When we compare our model with those reported in the literature (Table 1)8,9,10,11,12,13,14,15, we note that they are generally applicable to selected populations, i.e., not all patients with BC in general. Additionally, some studies used models that did not consider censoring or the events-per-variable ratio19, 26, and constructed risk groups without any justification for their classification (Table 1)8,9,10,11,12,13,14,15. Regarding validation, some studies did not employ bootstrapping, when this is the most recommended technique17. In some papers discrimination was not analyzed and calibration, when it was done, was not done through smooth calibration (Table 1)8,9,10,11,12,13,14,15, which is the most accurate technique for this task16. When we combine all the features mentioned, no published model complies with all of them (Table 1)8,9,10,11,12,13,14,15: using a survival model, bootstrapping, analysis of events-per-variable, general population of patients with BC, discrimination considering censoring and calibration using smooth curves. Our model outperforms existing models in statistical methodology (development and validation).

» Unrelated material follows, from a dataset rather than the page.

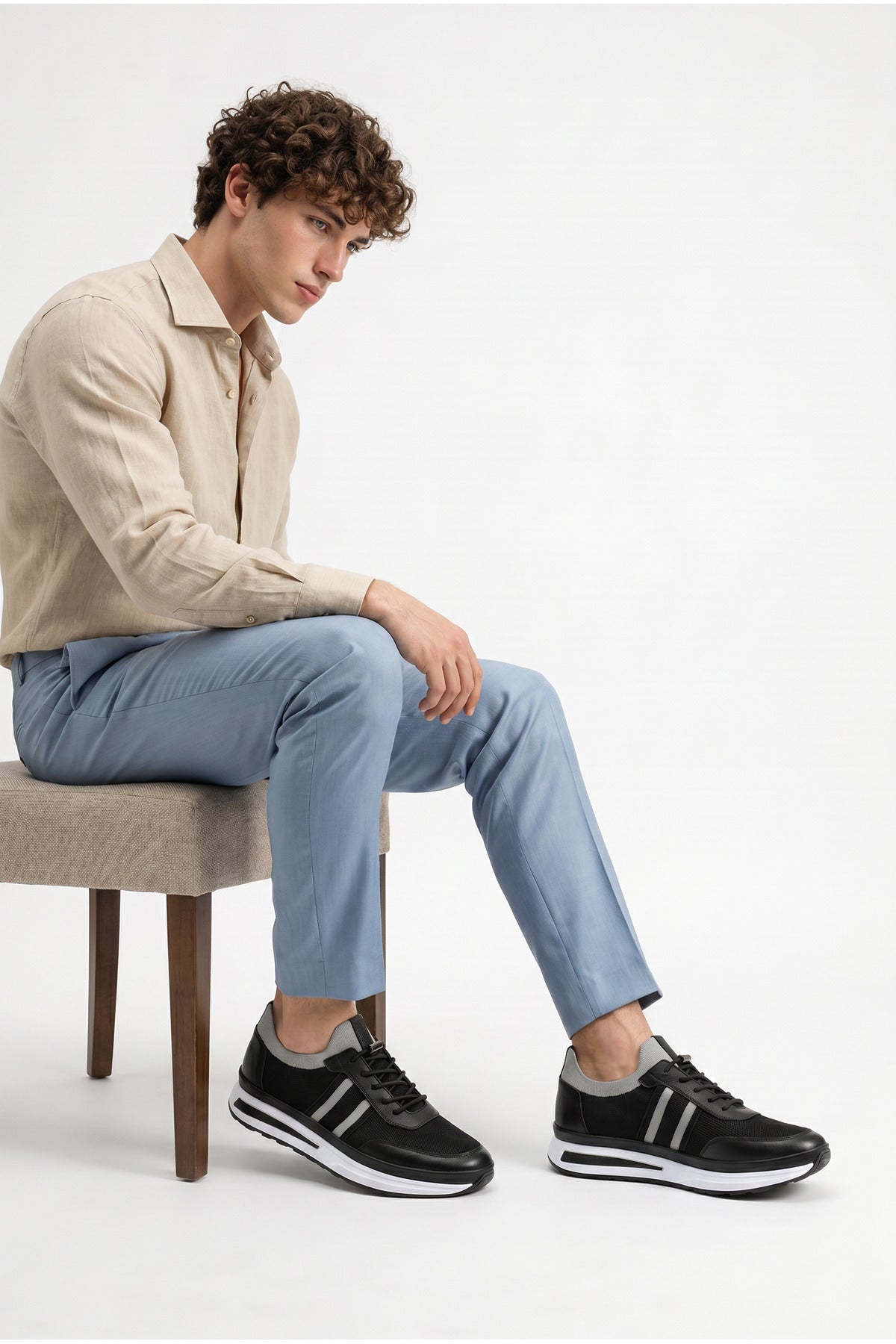 GAVI Yazlık Günlük Hakiki Deri Triko Erkek Sneaker +3 CM Boy Uzatan Gizli Topuk Siyah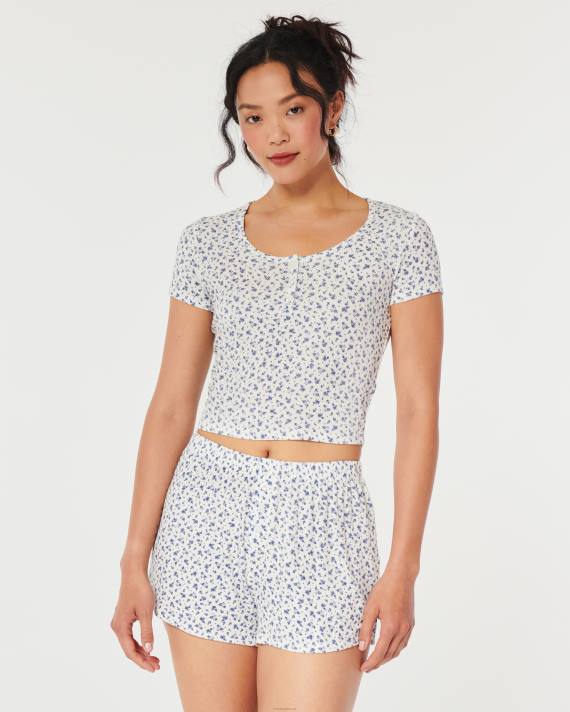 Hollister Kvinder gilly hicks jersey ribbet baby sove t-shirt 2H8Z139 toppe hvid blomstret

Finally, we stress that the outcome of our model is cancer-specific mortality, which is the most important consideration when establishing the prognosis of the disease.

The first factor in our points system was age, where risk of mortality increases with increasing patient age. This is consistent with the scientific literature, as our population contained few patients under 35 years5. The second factor was history of BC, which increases the risk of mortality. As previously mentioned (Variables and measurements), a second BC has been shown to worsen the prognosis24, 25. As expected, the stage and grade were associated with higher mortality, consistent with other predictive models and a large number of studies (Table 1)5, 8,9,10,11,12,13,14,15, 20, 21. Finally, we found that multicentricity indicated a greater likelihood of death. This is consistent with other studies, which found that this was an independent prognostic factor30.

Our points system can be applied quickly in routine clinical practice to any patient with BC using simple parameters (using the points system integrated into the mobile application). With this we can easily determine the prognosis and inform the patient. We encourage other authors to validate our points system in other populations, and to employ the methodology followed here to develop predictive models in patients with BC, as well as with other types of cancer or other diseases. Although our model adjusts our data well, it could nevertheless be over-estimating; accordingly, its calibration and discrimination need to be confirmed with other datasets in other areas, and which include patients of different races and ethnicities. Finally, another interesting line of research concerns comparing the prognostic power of our model with that of other models already published (Table 1). This, though, would require cohorts with large sample sizes including at least 100 events and 100 non-events16.

Conclusion

A points system for predicting mortality due to BC at 5 and 10 years has been constructed and internally validated. A mobile application in Android has been designed and is available for use. To use our forecasting system in other populations, external validation studies are needed.